## Required work
Skip pictures in the listing below; copy exactly the lines from the one with "Silver Grey Wallpaper" through the one with "Audi A8 2023 Черный из Китая, фото 3", inclusive.

## Listed records
------------------------------------------------------------
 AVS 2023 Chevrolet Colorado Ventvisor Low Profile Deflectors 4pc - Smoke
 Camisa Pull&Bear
------------------------------------------------------------
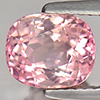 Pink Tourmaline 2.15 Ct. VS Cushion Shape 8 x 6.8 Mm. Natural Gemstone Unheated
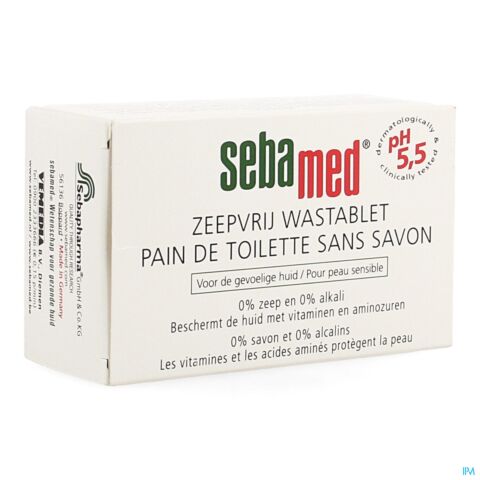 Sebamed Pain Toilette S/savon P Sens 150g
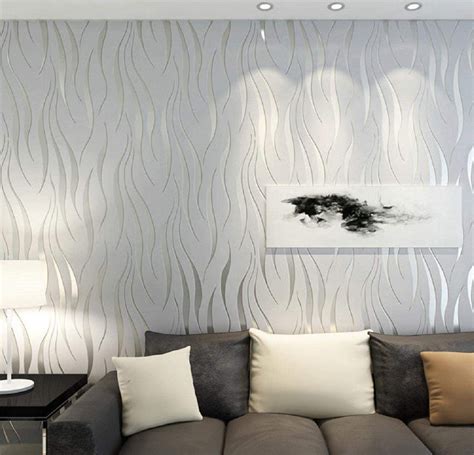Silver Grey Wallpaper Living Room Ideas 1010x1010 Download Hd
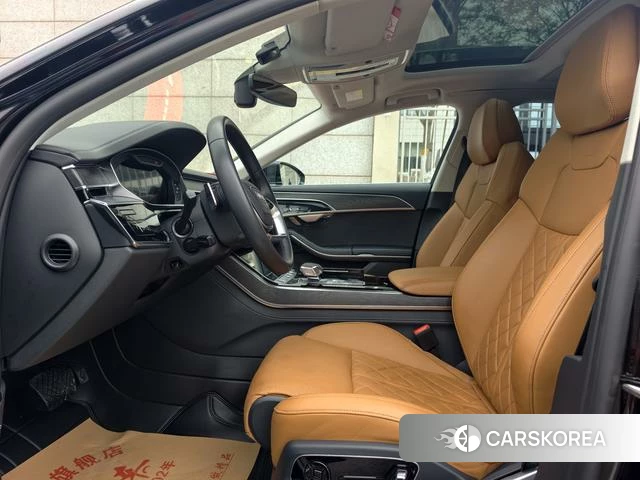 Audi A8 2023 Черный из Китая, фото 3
------------------------------------------------------------
## Answer box
Silver Grey Wallpaper Living Room Ideas 1010x1010 Download Hd
 Audi A8 2023 Черный из Китая, фото 3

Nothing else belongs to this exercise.